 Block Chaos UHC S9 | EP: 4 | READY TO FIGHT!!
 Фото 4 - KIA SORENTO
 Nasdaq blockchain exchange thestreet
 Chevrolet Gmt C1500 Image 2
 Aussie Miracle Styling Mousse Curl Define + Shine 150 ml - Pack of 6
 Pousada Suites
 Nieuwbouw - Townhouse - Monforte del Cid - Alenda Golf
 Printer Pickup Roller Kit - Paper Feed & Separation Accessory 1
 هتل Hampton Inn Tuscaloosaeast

...

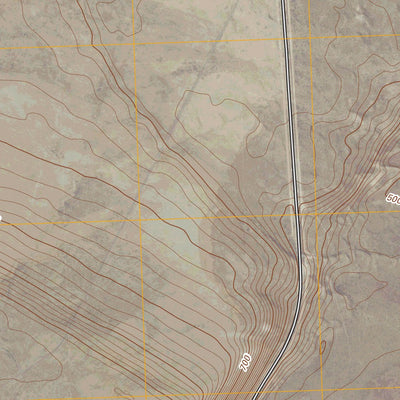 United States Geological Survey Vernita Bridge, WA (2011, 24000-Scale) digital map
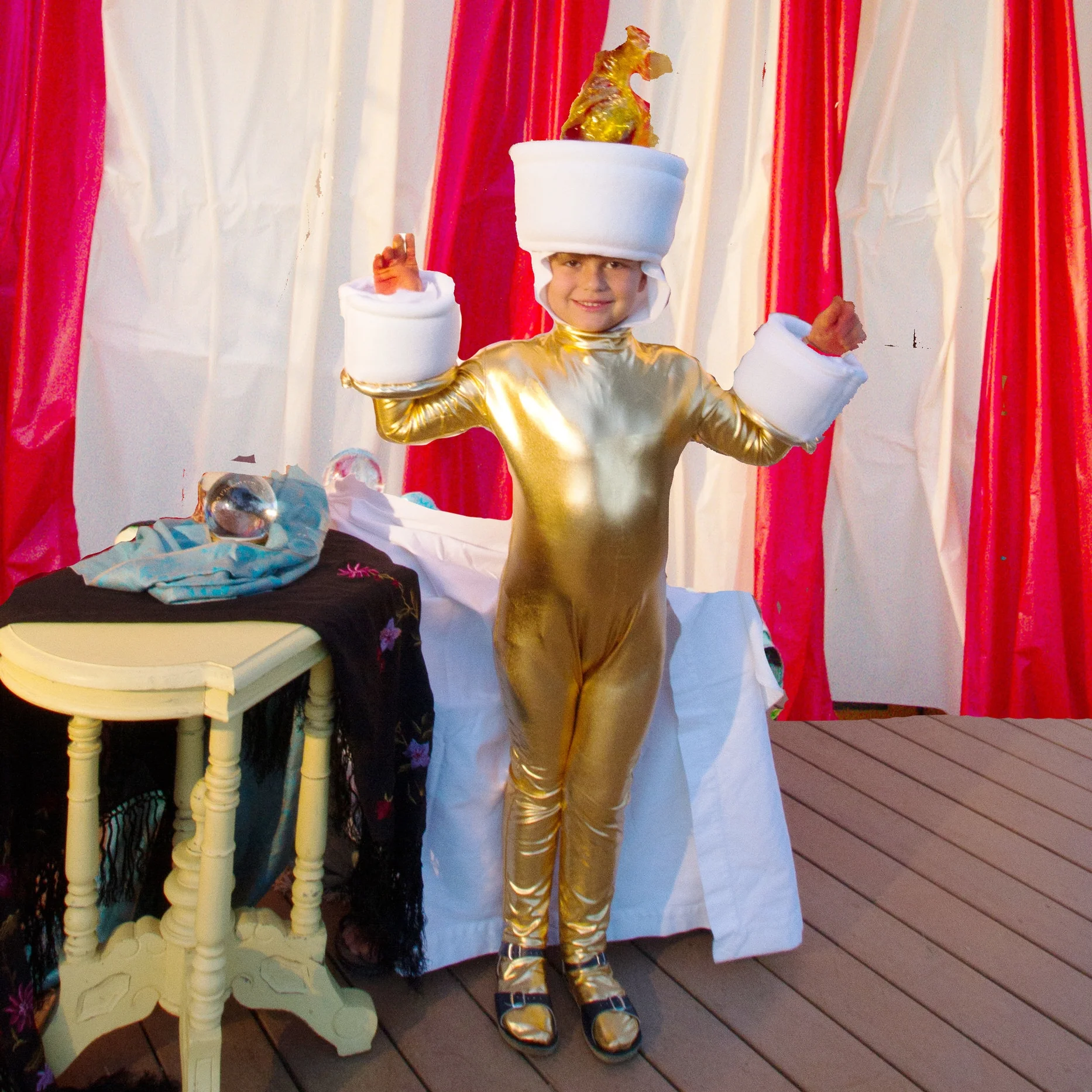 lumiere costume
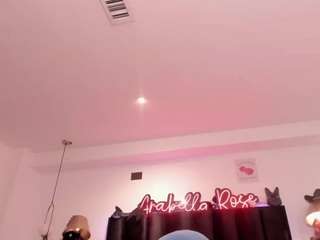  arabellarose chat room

* * *

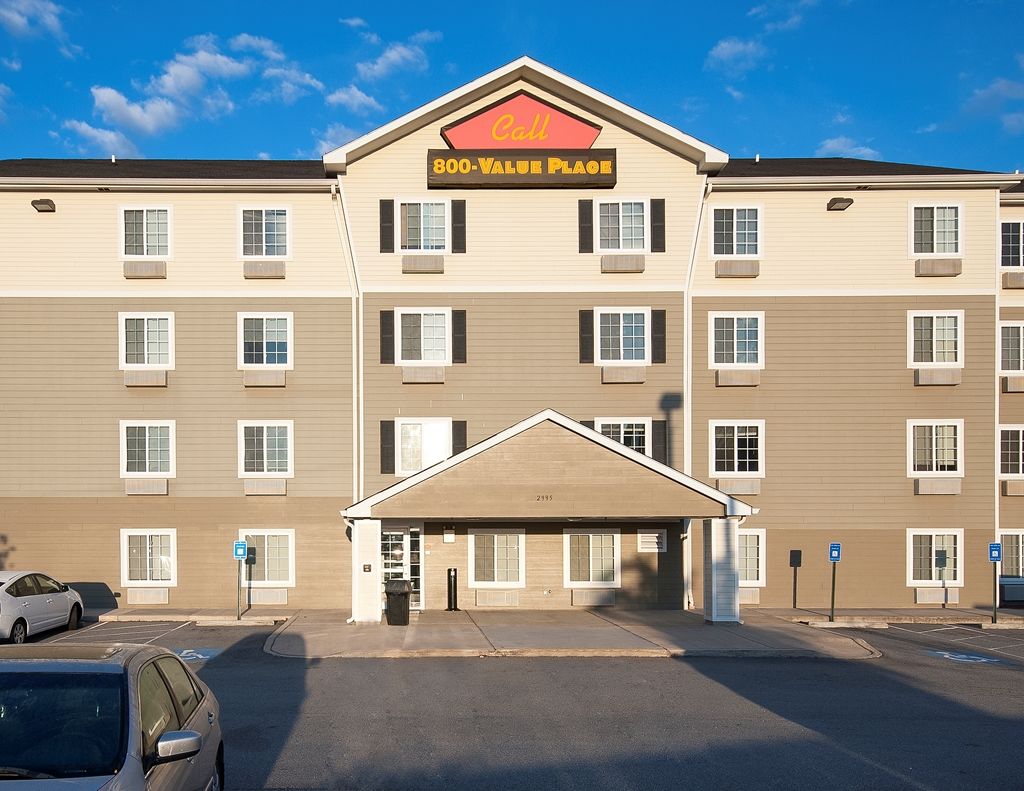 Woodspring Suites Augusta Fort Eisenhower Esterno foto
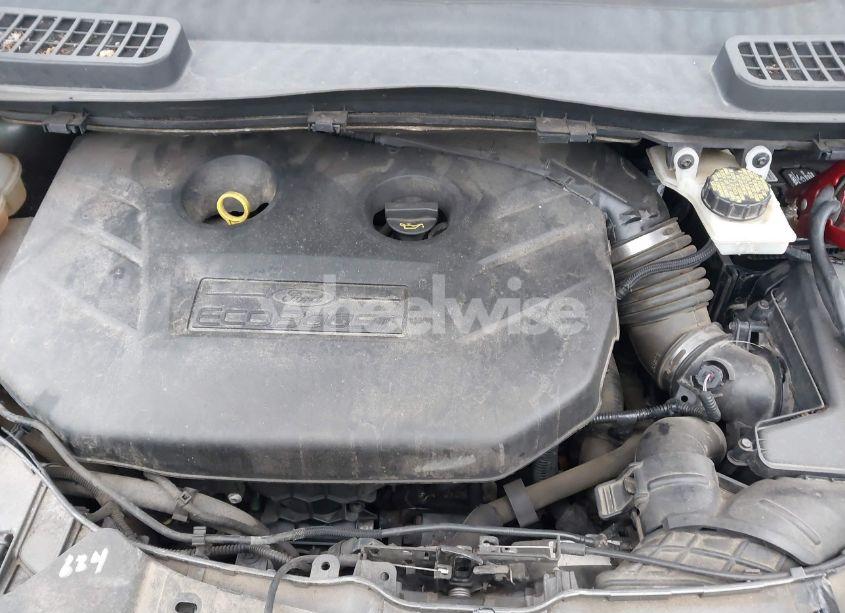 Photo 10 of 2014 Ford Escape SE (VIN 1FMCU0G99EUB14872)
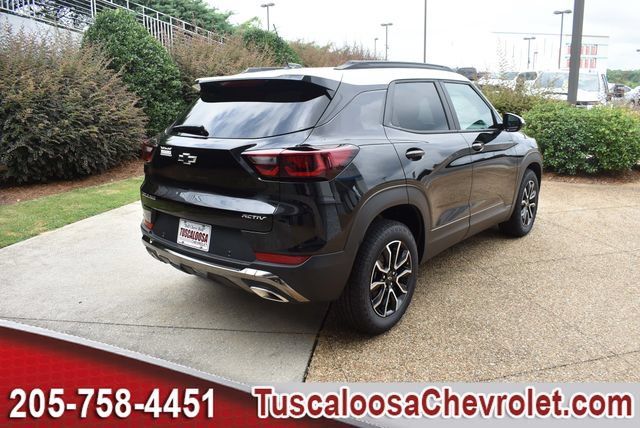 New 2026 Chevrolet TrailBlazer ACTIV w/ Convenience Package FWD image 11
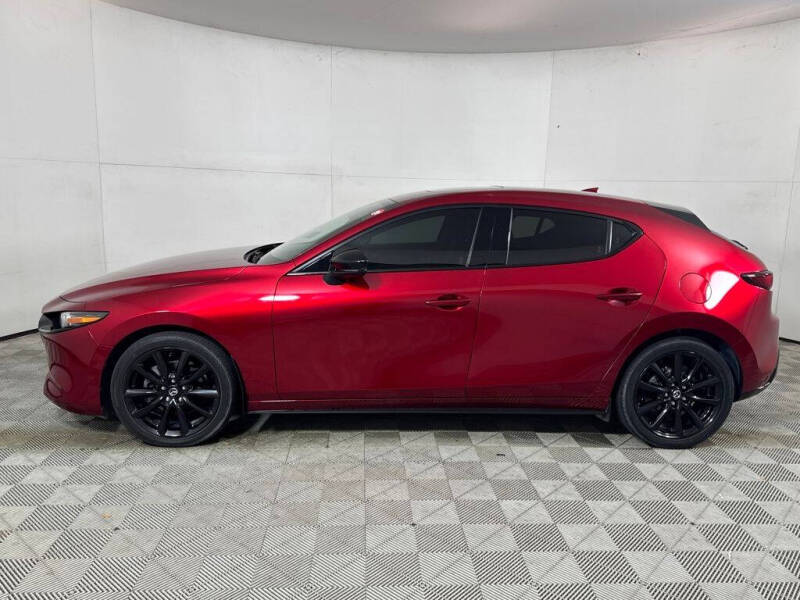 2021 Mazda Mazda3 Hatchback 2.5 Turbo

> _ABOUT THIS TASK_:
Look above for the line holding "Nieuwbouw - Townhouse" and the line holding "هتل Hampton Inn Tuscaloosaeast". Retype both, and every line between them, word for word and nothing else.

> _EXERCISE RESULT_:
 Nieuwbouw - Townhouse - Monforte del Cid - Alenda Golf
 Printer Pickup Roller Kit - Paper Feed & Separation Accessory 1
 هتل Hampton Inn Tuscaloosaeast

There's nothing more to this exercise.